### ASSIGNMENT
Since only part of the records is wanted, repeat exactly the lines from the one containing "Diario Frontera, Frontera" through the last line, both included.

[[ DATA EXCERPTS, beginning ]]

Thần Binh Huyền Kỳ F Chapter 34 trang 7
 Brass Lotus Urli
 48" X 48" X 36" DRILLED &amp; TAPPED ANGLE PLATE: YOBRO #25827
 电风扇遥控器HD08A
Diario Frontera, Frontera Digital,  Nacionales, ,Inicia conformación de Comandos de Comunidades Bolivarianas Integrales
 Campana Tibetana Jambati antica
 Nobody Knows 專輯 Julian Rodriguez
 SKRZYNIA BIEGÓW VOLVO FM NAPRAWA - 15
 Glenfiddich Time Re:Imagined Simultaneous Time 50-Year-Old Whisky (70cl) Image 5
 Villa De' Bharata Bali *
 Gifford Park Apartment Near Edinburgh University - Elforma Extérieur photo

[[ DATA EXCERPTS, end ]]

### ANSWER BOX
Diario Frontera, Frontera Digital,  Nacionales, ,Inicia conformación de Comandos de Comunidades Bolivarianas Integrales
 Campana Tibetana Jambati antica
 Nobody Knows 專輯 Julian Rodriguez
 SKRZYNIA BIEGÓW VOLVO FM NAPRAWA - 15
 Glenfiddich Time Re:Imagined Simultaneous Time 50-Year-Old Whisky (70cl) Image 5
 Villa De' Bharata Bali *
 Gifford Park Apartment Near Edinburgh University - Elforma Extérieur photo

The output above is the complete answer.